Upper Right Vertex (7,4)
Lower Right Vertex (7,-6)
Lower Left Vertex (-3,-6)
• Feb 17th 2009, 03:46 PM
masters
Quote:

Originally Posted by NYCKid09
A square on a coordinate grid has horizontal and vertical sides. The upper left vertex of the square is located at (-3,4). The perimeter of the square is 40 units.

What are the coordinates of the other three vertices?

b.)What percent of the area is in each quadrant?

c.) Suppose you translate the square one unit to the right. Does this translation change the percent of the now existing in the third quadrant?

No idea. Never had to solve perimeter when given coordinates.

(Worried)

Hi NYCkid09,

If the perimeter of the square is 40, each side is 10. The area is $\displaystyle 10^2=100$ square units.

After sketching a graph, it is easy to locate vertices at (-3, -6), (7, -6), and (7, 4).

The area in QI is 7 X 4 = 28 which is 28%
The area in QII is 3 X 4 = 12 which is 12%
The area in QIII is 3 X 6 = 18 which is 18%
The area in QIV is 6 X 7 = 42 which is 42%

Translating 1 unit to the right changes the QIII area to 2 X 6 = 12 which changes to 12%
• Feb 17th 2009, 04:15 PM
Soroban
Hello, NYCKid09!

Quote:

A square on a coordinate grid has horizontal and vertical sides.
The upper left vertex of the square is located at (-3,4).
The perimeter of the square is 40 units.

(a) What are the coordinates of the other three vertices?

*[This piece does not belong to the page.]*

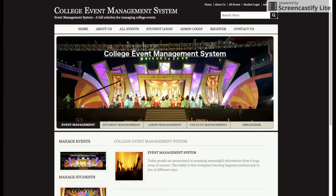This is the project I have developed for managing the College Event Management System. If you need any extra functionality in this project, please post in the comments and I will add those features. Don't forget to subscribe to our channel freeprocess.com to get daily video updates on the latest project topics. Thanks for watching.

(b) What percent of the area is in each quadrant?

(c) Suppose you translate the square one unit to the right.
Does this translation change the percent of area in the third quadrant? yes

I got this for (a):. . $\displaystyle \begin{array}{cc} \text{upper left: }(\text{-}3,4) & \text{upper right: }(7,4) \\ \text{lower left: }(\text{-}3,\text{-}6) & \text{lower right: }(7,\text{-}6) \end{array}$ . . . . Good!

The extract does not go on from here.